Regional silencing of telomeres in the absence of Dicer thus suggest that miRNAs play a role (directly or indirectly) in telomere regulation and function, and are therefore implicated in being contributive in telomeric–related disease (such as age-related cancer, liver and heart disease). Stefan Schoeftner (CNIO, Madrid) is extending this observation by screening for miRNAs regulating mammalian telomeres. miRNA-induced changes in telomeric or subtelometric function are currently being assessed by transfecting miRNA library vectors (consisting of 150 predicted miRNAs) into HeLa cell lines carrying a luciferase-reporter gene in close telometric proximity, where changes in expression of the reporter gene is resultant due to a phenomena known as “telomere position effect” (TPE). Additional studies on the effect of transfected miRNAs on telemetric length and global chromatin structure are also underway. These collaborative studies are making great inroads into providing greater insight into the telomeric function of miRNAs and the dissection of their role promising for therapeutics.

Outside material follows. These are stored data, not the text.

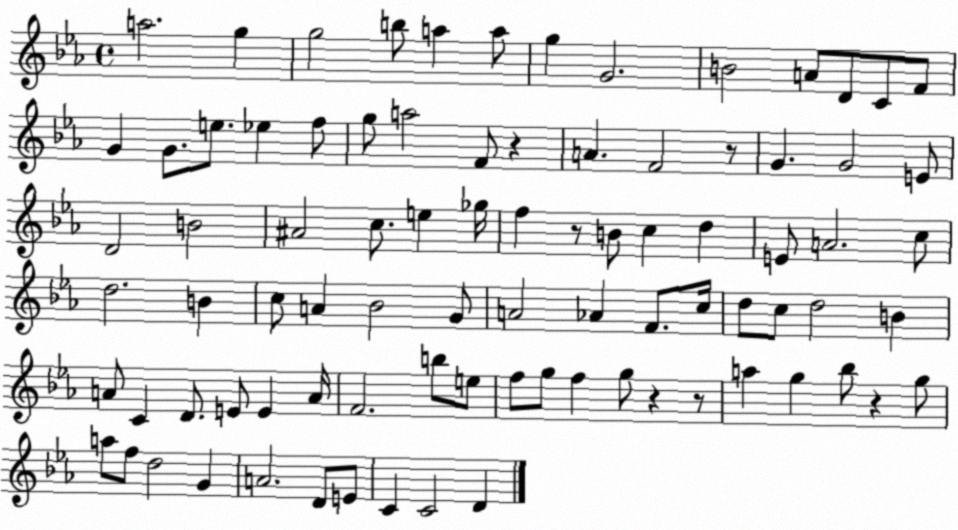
X:1
T:Untitled
M:4/4
L:1/4
K:Eb
a2 g g2 b/2 a a/2 g G2 B2 A/2 D/2 C/2 F/2 G G/2 e/2 _e f/2 g/2 a2 F/2 z A F2 z/2 G G2 E/2 D2 B2 ^A2 c/2 e _g/4 f z/2 B/2 c d E/2 A2 c/2 d2 B c/2 A _B2 G/2 A2 _A F/2 c/4 d/2 c/2 d2 B A/2 C D/2 E/2 E A/4 F2 b/2 e/2 f/2 g/2 f g/2 z z/2 a g _b/2 z g/2 a/2 f/2 d2 G A2 D/2 E/2 C C2 D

The 2007 Chromatin Structure and Function meeting is scheduled for 27th-30th December in Antigua. As evidence of the biological relevance of RNA silencing mechanisms (by either posttranscriptional, transcriptional, RNAi or quelling means) in controlling gene regulation, chromosomal structure and genome defence mounts; we eagerly anticipate greater representation and discussion of the role small RNAs play in these epigenetic processes.